Both the WAVE IEEE 1609.2 standard in USA and the ETSI ITS security standards in Europe rely on the Elliptic Curve Digital Signature Algorithm (ECDSA) to authenticate messages exchanged among vehicles. Although being faster than other equivalent algorithms, the ECDSA computational cost nevertheless affects the message validation throughput. Even worse, the number of messages that a device has to authenticate may easily exhaust its computational limits.
In this article, we evaluated the impact caused by ECDSA authentication of messages of the multi-hop routing control plane used in a real Vehicular Ad Hoc Network (VANET). Such control plane uses periodic vicinity updates to keep accurate, distributed routing paths, and ECDSA-based validation delays may force to discard many of such updates.

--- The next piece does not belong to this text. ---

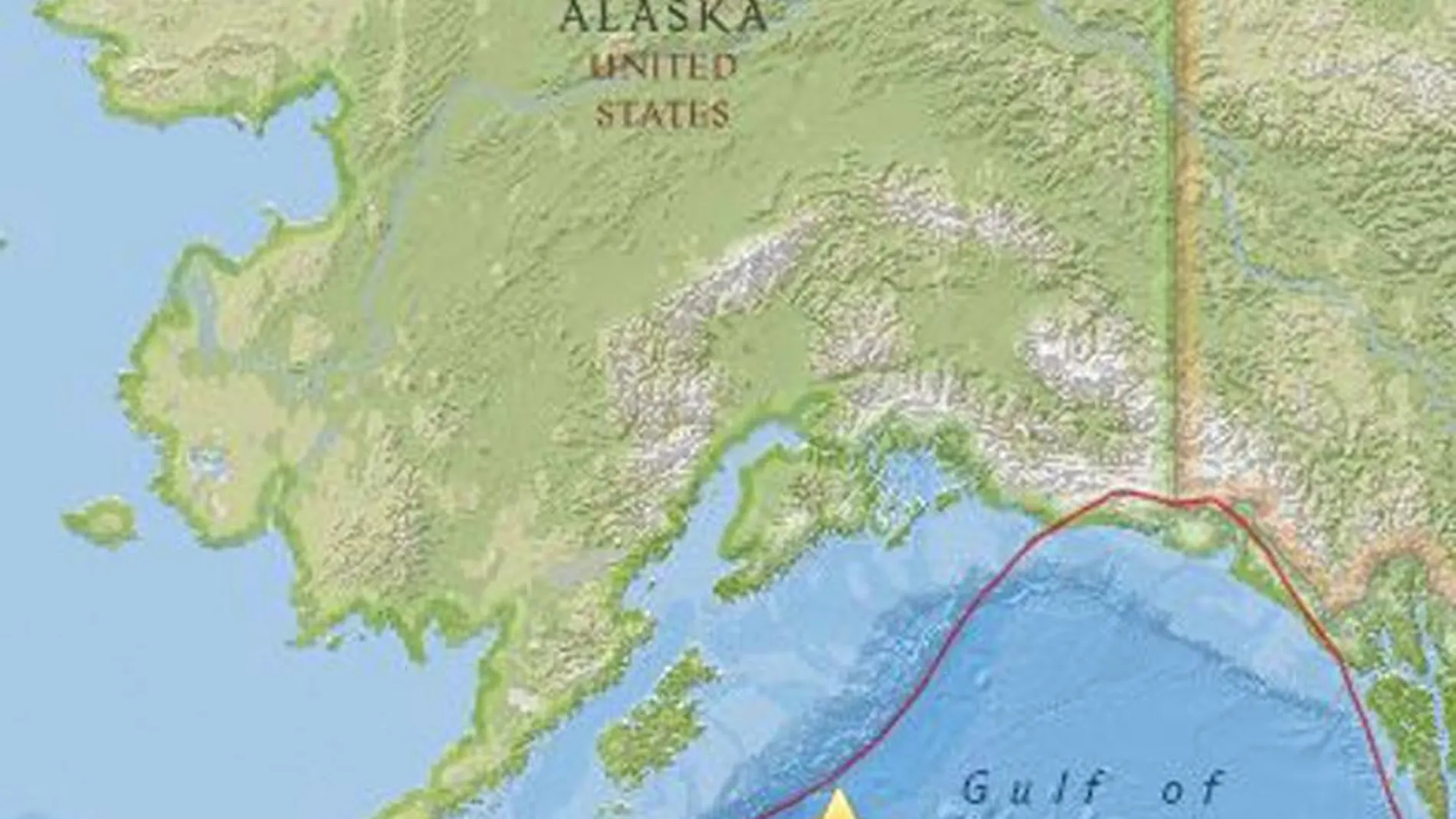 Mapa facilitado por el Centro Geológico de Estados Unidos (USGS) que muestra la localización de un terremoto de 8,2 grados de magnitud en la escala de Richter localizado a una profundidad de 10 kilómetros a 278 kilómetros al sureste de la ciudad de Kodiak, Alaska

To perform the evaluation of the impact imposed by ECDSA we considered the multiple curve parameters associated to WAVE and ETSI ITS, their implementation by different cryptographic libraries and their performance in distinct hardware. We took as reference for traffic to be authenticated with ECDSA a day-long set of messages of a VANET routing control plane. These messages were inferred from connectivity status samples from all mobile nodes of a real VANET. Emulation results with those messages show that, without high-end computing devices, ECDSA authentication would have a substantial negative impact in the routing service of the tested VANET.